* **To do**
Your task is to transcribe the data exactly while omitting each picture.

* **Supplied data**
----

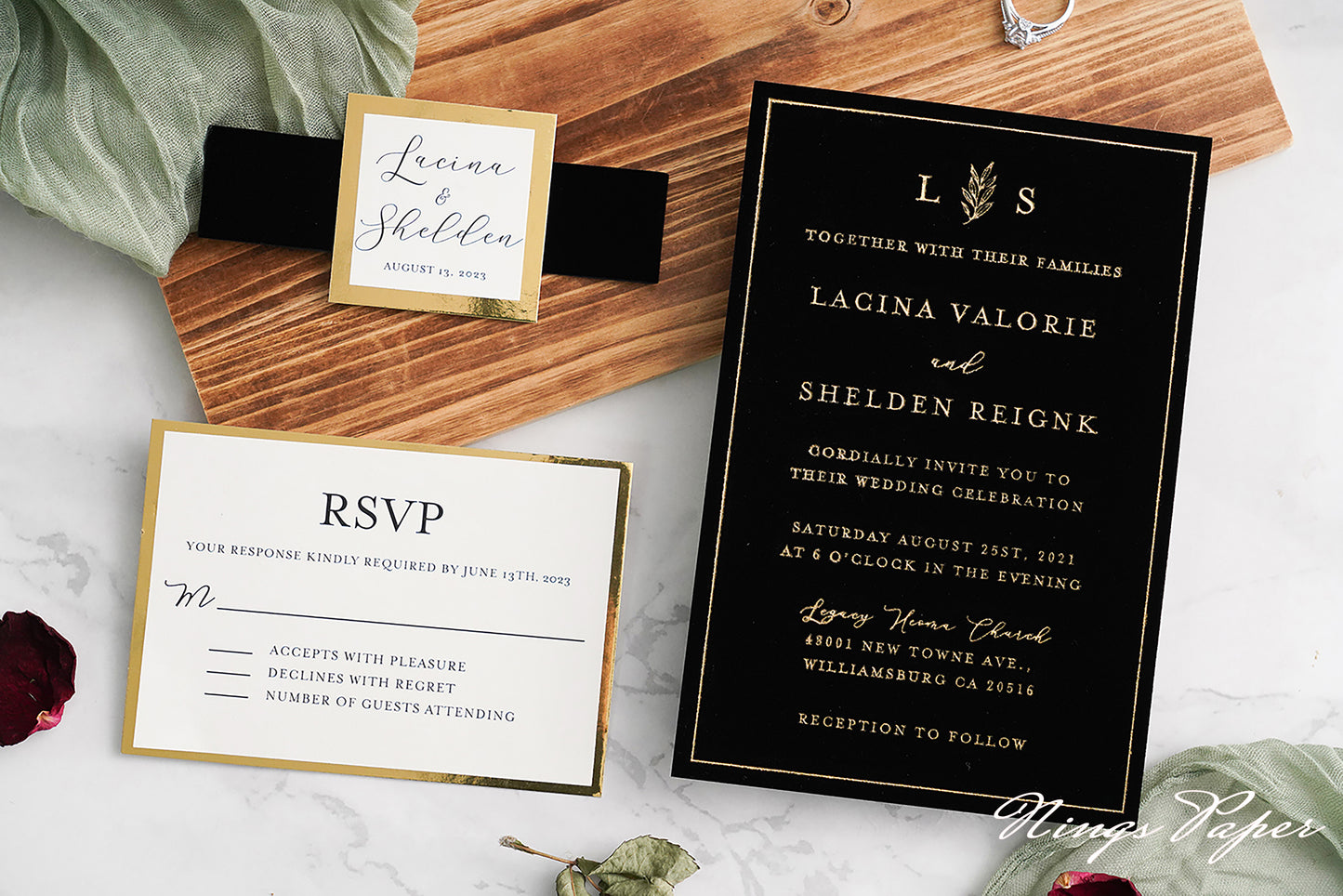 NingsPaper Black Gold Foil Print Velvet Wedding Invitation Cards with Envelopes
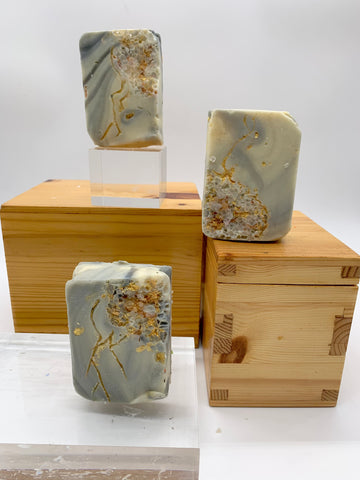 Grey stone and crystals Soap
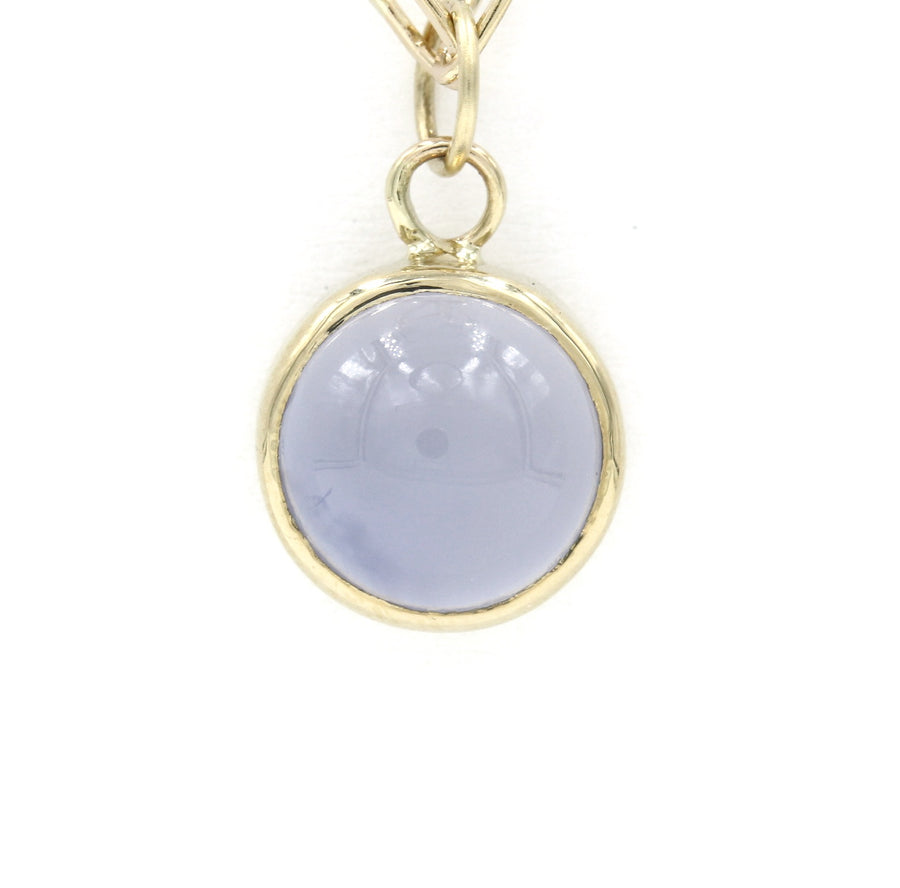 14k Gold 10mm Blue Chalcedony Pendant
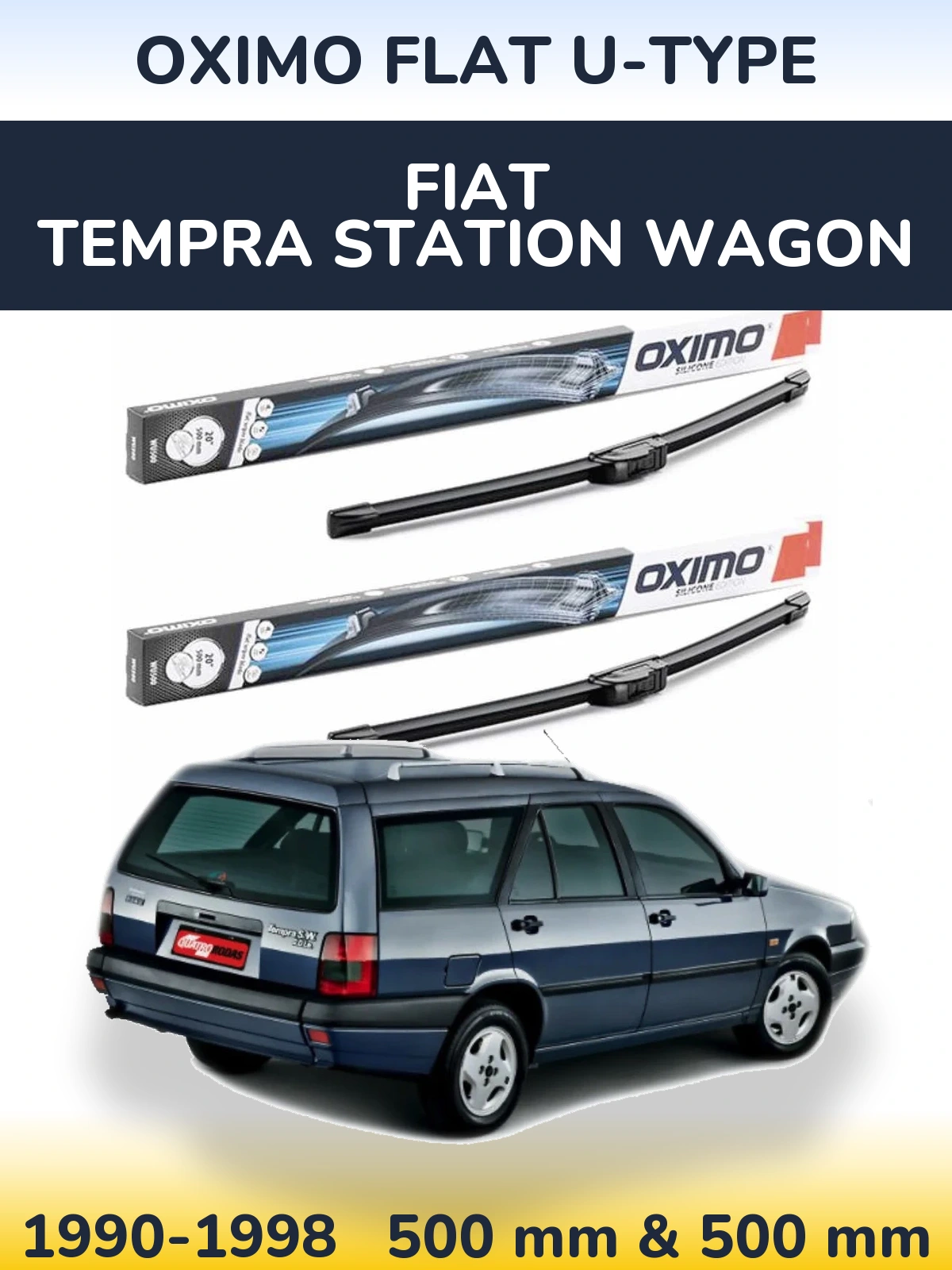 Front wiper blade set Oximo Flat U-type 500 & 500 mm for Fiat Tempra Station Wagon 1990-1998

----

* **Problem solution**
 NingsPaper Black Gold Foil Print Velvet Wedding Invitation Cards with Envelopes
 Grey stone and crystals Soap
 14k Gold 10mm Blue Chalcedony Pendant
 Front wiper blade set Oximo Flat U-type 500 & 500 mm for Fiat Tempra Station Wagon 1990-1998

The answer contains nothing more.